TASK REQUIREMENTS: Exact reproduction required: the lines below from the line with "Jordan MVP 92" to the line with "Ilustrácia realitného biznisu", both ends included, and no others.

── THE INPUT ──

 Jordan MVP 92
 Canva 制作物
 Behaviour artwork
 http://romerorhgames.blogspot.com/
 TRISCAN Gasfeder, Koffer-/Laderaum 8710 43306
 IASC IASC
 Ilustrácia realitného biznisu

───
── THE INPUT ──

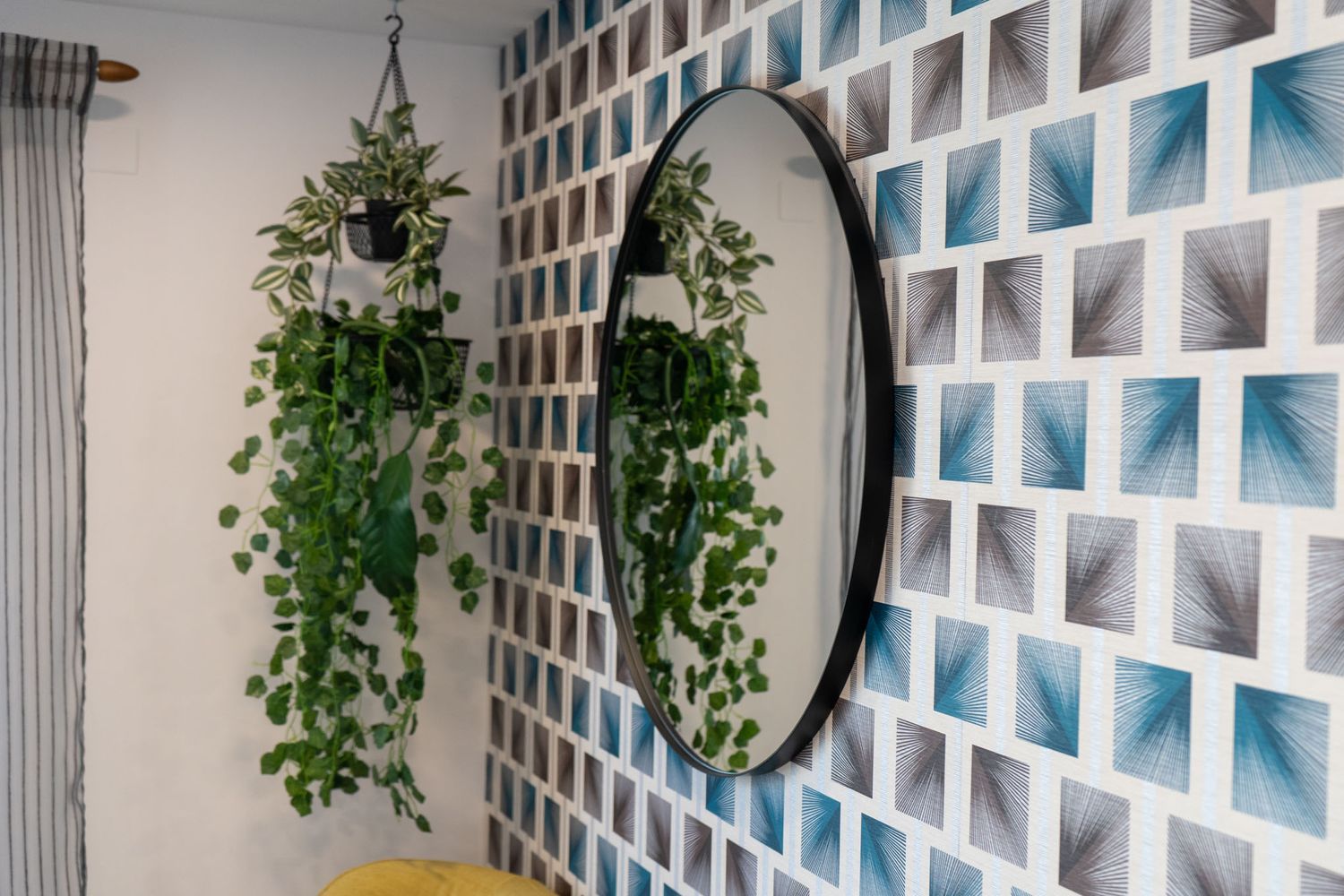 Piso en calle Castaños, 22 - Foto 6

───
── THE INPUT ──

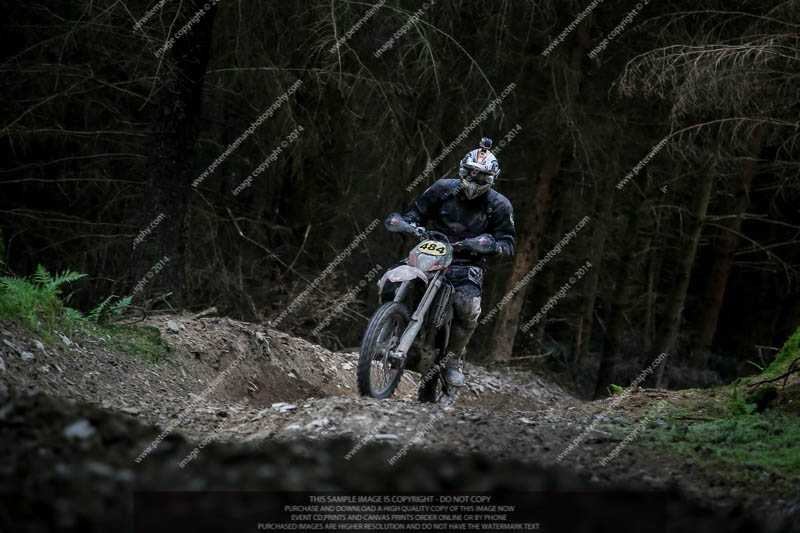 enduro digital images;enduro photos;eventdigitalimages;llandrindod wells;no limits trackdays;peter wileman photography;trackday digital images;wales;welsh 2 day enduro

───

ANSWER TO THE EXERCISE:
 Jordan MVP 92
 Canva 制作物
 Behaviour artwork
 http://romerorhgames.blogspot.com/
 TRISCAN Gasfeder, Koffer-/Laderaum 8710 43306
 IASC IASC
 Ilustrácia realitného biznisu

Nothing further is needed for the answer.